Related: Pecan farming: Future of growing Alabama’s state nut murky in Baldwin County after Hurricane Sally


FEMA-driven cleanup


The debris cleanup is being financed largely by the federal government after President Donald Trump declared a federal disaster for 13 counties in Alabama. The declaration allows for individual and public financial assistances from the Federal Emergency Management Agency. For debris cleanup, 75% of it is reimbursed through FEMA assistance while the state and local governments pitch in an additional 12.5%.


Counties and cities are providing loose estimates on how much the cleanup will cost, acknowledging that they won’t know the extent of the expenses until the project is completed. Gulf Shores, for instance, estimates their debris removal costing around $8 million. Mobile County is estimating a cleanup cost of around $6 million.


In Daphne, original estimates were around $2.5 million but Mayor Dane Haygood anticipates it could be higher.
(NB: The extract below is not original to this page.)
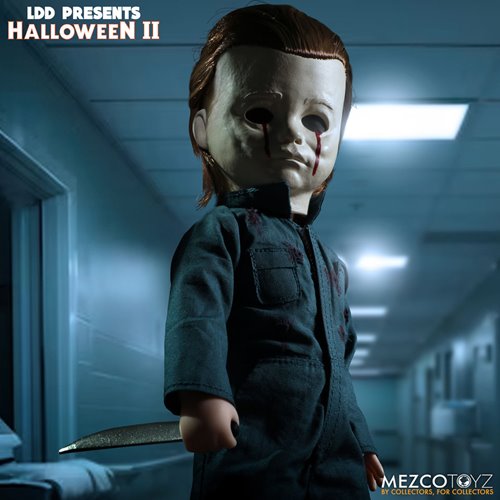 This is a Halloween II Michael Myers Living Dead Doll that is standing in a hospital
He said the costs to the city are expected to run around $350,000 to $400,000, which he describes as “unexpected” but “very manageable.”


“We implemented a reserve policy and set aside $8 million,” said Haygood. “Between COVID and the hurricane, this is why we have a reserve to make sure we can make it through the rainy days.”
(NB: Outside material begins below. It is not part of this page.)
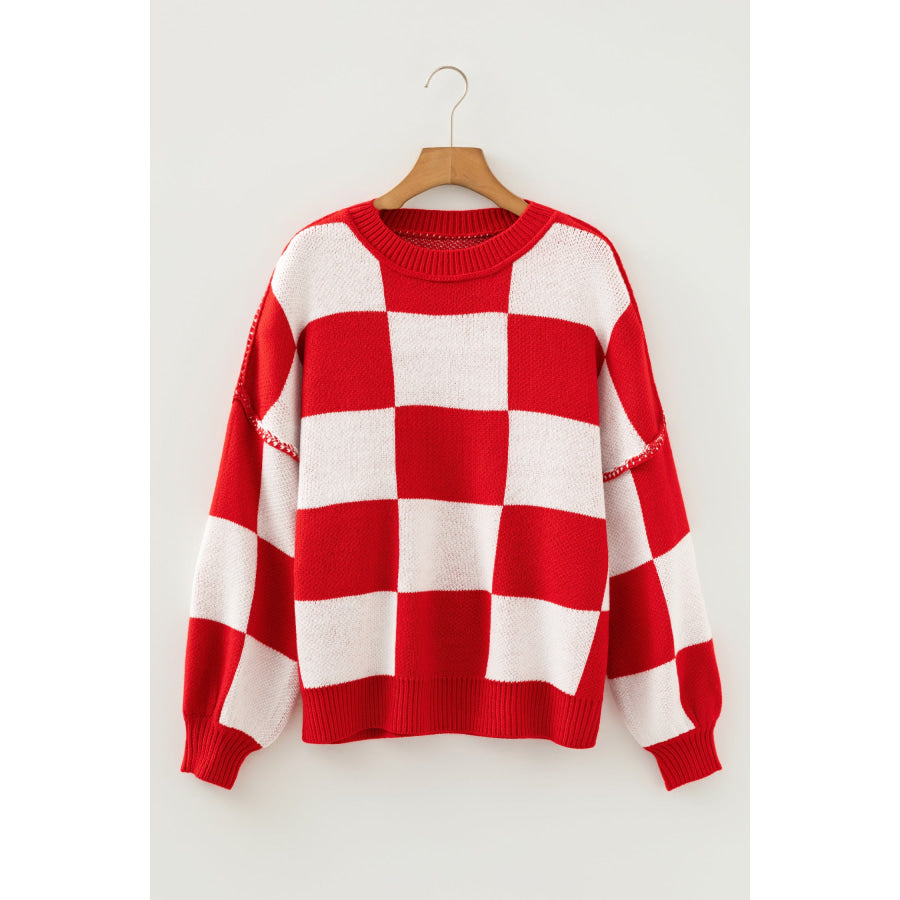 Black Checkered Bishop Sleeve Sweater Sweaters & Cardigans/Sweaters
The FEMA involvement in the cleanup is one of the reasons why the process of removing the debris can seem meticulous.


Loper, with CrowderGulf, said the company has set up 19 debris management sites (DMS) throughout Baldwin County where the debris is hauled, measured, and ground down into wood chips where it’s hauled to a landfill. At each DMS is a third-party monitoring firm – hired through separate contracts by each governmental entity – that measures the volume of the debris that is collected within each truck.
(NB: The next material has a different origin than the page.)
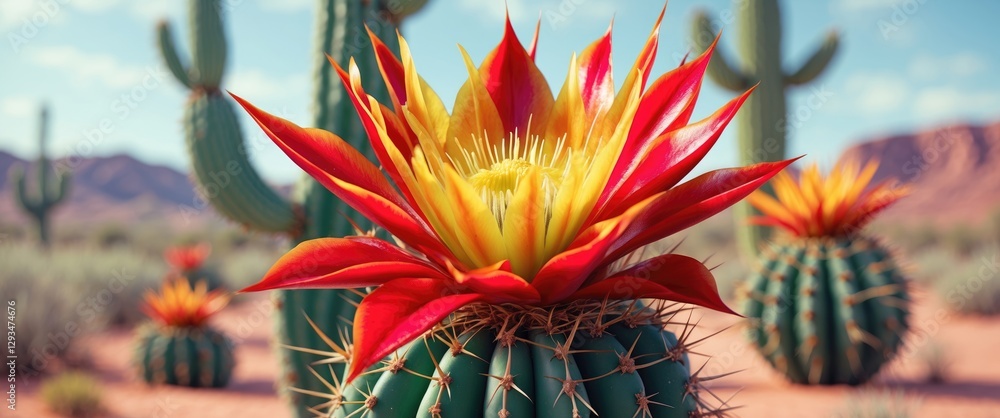 Poster vibrant red and yellow cactus flower in natural desert setting with blurred background and ample spa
“That’s how we are paid – on volume of debris hauled,” said Loper. “We are not paid by the hour, but we are paid on the actual volume of debris that is hauled.”


He said that CrowderGulf subcontracts with crews that the company has worked “with us for 20-plus years” and who are familiar with the rules and regulations set by FEMA.


CrowderGulf’s trucks and its subcontractors, according to Loper, will handle approximately three passes through streets in the cities where they are working. Haygood, in Daphne, said he anticipated the first pass through his city to be completed by the weekend.


The time frames toward completion will vary, Loper said, based on a city government’s desire and how robust a public works department is to handle the continued operations.


“Some cities collect for a long time, other places want three straight passes and no matter what is left, they will say, ‘go home.’”


Haygood said in Daphne that they want CrowderGulf to make additional passes, and to continue doing the work “for at least 60 more days.”


“I want to make sure we are giving citizens time to get their debris,” he said. “For some, it’s a financial burden or a physical toll to get the trees cut up and taken out to the road. Our aim is to have a second and a third pass.”


Loper, who has been with CrowderGulf for the past 10 years, calls Hurricane Sally’s cleanup a “citizen-driven event.” He said that estimates on the amount of debris collected and hauled will change “quite a bit” as more of it is hauled to the roadways and removed during subsequent passes through the county.


All told, more than 300 trucks are rumbling through Baldwin County daily. Loper said the company is doing about 4,000 dump truck loads of debris each day.


“Typically, for a total debris collection operation, people are looking along the lines of three to four months with the county taking a bit longer because there is a much (larger) area of debris in the unincorporated area,” said Loper.